| Work request |
All lines of the entries with "White" in them must be listed.

| Information supplied |
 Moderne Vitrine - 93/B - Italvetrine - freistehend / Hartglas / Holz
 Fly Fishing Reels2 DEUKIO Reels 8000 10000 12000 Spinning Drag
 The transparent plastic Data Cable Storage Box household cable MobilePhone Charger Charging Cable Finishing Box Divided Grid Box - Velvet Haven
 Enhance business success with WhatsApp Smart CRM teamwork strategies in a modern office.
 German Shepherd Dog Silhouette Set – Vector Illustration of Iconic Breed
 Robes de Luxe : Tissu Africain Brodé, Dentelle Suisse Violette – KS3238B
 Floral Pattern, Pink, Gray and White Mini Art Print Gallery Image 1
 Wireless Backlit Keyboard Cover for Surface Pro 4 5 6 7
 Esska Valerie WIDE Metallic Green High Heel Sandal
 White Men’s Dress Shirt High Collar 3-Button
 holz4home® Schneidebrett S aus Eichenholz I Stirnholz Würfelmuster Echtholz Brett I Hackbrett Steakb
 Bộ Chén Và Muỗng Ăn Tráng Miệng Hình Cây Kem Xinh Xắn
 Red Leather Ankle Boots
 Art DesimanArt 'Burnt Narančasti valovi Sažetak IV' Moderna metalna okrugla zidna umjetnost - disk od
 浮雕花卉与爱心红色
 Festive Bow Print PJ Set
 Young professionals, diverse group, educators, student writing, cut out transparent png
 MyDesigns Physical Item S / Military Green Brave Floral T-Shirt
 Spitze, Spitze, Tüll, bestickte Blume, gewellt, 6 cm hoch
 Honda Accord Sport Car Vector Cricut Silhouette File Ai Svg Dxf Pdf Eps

| Worked solution |
 Floral Pattern, Pink, Gray and White Mini Art Print Gallery Image 1
 White Men’s Dress Shirt High Collar 3-Button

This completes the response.